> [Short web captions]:

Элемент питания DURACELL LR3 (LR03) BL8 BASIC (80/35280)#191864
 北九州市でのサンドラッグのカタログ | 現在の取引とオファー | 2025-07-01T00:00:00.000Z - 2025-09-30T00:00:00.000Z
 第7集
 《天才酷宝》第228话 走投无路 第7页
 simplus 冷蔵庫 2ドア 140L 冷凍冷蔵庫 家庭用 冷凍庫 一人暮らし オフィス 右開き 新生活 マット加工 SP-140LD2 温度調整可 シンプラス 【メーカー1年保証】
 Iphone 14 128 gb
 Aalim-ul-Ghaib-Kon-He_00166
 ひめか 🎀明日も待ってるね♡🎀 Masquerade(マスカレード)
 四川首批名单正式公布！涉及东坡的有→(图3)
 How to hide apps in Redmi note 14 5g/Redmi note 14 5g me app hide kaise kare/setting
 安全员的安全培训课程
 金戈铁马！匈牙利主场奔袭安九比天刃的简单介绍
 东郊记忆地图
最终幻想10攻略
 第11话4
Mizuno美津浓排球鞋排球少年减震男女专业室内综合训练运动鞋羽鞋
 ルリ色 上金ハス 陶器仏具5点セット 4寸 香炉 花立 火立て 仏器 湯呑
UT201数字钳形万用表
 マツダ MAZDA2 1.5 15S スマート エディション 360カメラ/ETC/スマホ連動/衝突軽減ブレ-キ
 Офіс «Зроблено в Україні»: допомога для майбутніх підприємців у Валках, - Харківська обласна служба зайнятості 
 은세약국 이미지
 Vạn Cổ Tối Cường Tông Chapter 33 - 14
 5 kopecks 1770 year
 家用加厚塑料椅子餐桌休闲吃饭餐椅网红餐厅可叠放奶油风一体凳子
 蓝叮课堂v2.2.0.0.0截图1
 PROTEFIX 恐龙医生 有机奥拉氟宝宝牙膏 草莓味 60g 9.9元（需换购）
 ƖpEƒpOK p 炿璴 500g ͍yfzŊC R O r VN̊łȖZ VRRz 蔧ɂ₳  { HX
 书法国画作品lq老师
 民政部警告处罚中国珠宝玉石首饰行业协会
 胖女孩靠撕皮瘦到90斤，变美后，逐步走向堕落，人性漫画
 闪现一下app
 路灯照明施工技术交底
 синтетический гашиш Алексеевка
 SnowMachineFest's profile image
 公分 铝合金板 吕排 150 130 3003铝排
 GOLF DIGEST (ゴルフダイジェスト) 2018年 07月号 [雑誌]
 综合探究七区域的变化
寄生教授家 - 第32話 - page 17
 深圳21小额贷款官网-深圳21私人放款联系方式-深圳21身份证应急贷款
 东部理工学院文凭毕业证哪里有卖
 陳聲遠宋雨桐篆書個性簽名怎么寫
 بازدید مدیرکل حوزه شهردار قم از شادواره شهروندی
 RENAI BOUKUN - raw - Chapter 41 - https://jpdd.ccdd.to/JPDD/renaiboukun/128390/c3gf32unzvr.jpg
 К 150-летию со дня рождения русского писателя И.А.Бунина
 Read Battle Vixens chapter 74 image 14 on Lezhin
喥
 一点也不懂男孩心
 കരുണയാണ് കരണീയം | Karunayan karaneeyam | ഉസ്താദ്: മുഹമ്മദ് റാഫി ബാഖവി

> [Work task]:
Repeat each record word for word.

> [Answer section]:
Элемент питания DURACELL LR3 (LR03) BL8 BASIC (80/35280)#191864
 北九州市でのサンドラッグのカタログ | 現在の取引とオファー | 2025-07-01T00:00:00.000Z - 2025-09-30T00:00:00.000Z
 第7集
 《天才酷宝》第228话 走投无路 第7页
 simplus 冷蔵庫 2ドア 140L 冷凍冷蔵庫 家庭用 冷凍庫 一人暮らし オフィス 右開き 新生活 マット加工 SP-140LD2 温度調整可 シンプラス 【メーカー1年保証】
 Iphone 14 128 gb
 Aalim-ul-Ghaib-Kon-He_00166
 ひめか 🎀明日も待ってるね♡🎀 Masquerade(マスカレード)
 四川首批名单正式公布！涉及东坡的有→(图3)
 How to hide apps in Redmi note 14 5g/Redmi note 14 5g me app hide kaise kare/setting
 安全员的安全培训课程
 金戈铁马！匈牙利主场奔袭安九比天刃的简单介绍
 东郊记忆地图
最终幻想10攻略
 第11话4
Mizuno美津浓排球鞋排球少年减震男女专业室内综合训练运动鞋羽鞋
 ルリ色 上金ハス 陶器仏具5点セット 4寸 香炉 花立 火立て 仏器 湯呑
UT201数字钳形万用表
 マツダ MAZDA2 1.5 15S スマート エディション 360カメラ/ETC/スマホ連動/衝突軽減ブレ-キ
 Офіс «Зроблено в Україні»: допомога для майбутніх підприємців у Валках, - Харківська обласна служба зайнятості 
 은세약국 이미지
 Vạn Cổ Tối Cường Tông Chapter 33 - 14
 5 kopecks 1770 year
 家用加厚塑料椅子餐桌休闲吃饭餐椅网红餐厅可叠放奶油风一体凳子
 蓝叮课堂v2.2.0.0.0截图1
 PROTEFIX 恐龙医生 有机奥拉氟宝宝牙膏 草莓味 60g 9.9元（需换购）
 ƖpEƒpOK p 炿璴 500g ͍yfzŊC R O r VN̊łȖZ VRRz 蔧ɂ₳  { HX
 书法国画作品lq老师
 民政部警告处罚中国珠宝玉石首饰行业协会
 胖女孩靠撕皮瘦到90斤，变美后，逐步走向堕落，人性漫画
 闪现一下app
 路灯照明施工技术交底
 синтетический гашиш Алексеевка
 SnowMachineFest's profile image
 公分 铝合金板 吕排 150 130 3003铝排
 GOLF DIGEST (ゴルフダイジェスト) 2018年 07月号 [雑誌]
 综合探究七区域的变化
寄生教授家 - 第32話 - page 17
 深圳21小额贷款官网-深圳21私人放款联系方式-深圳21身份证应急贷款
 东部理工学院文凭毕业证哪里有卖
 陳聲遠宋雨桐篆書個性簽名怎么寫
 بازدید مدیرکل حوزه شهردار قم از شادواره شهروندی
 RENAI BOUKUN - raw - Chapter 41 - https://jpdd.ccdd.to/JPDD/renaiboukun/128390/c3gf32unzvr.jpg
 К 150-летию со дня рождения русского писателя И.А.Бунина
 Read Battle Vixens chapter 74 image 14 on Lezhin
喥
 一点也不懂男孩心
 കരുണയാണ് കരണീയം | Karunayan karaneeyam | ഉസ്താദ്: മുഹമ്മദ് റാഫി ബാഖവി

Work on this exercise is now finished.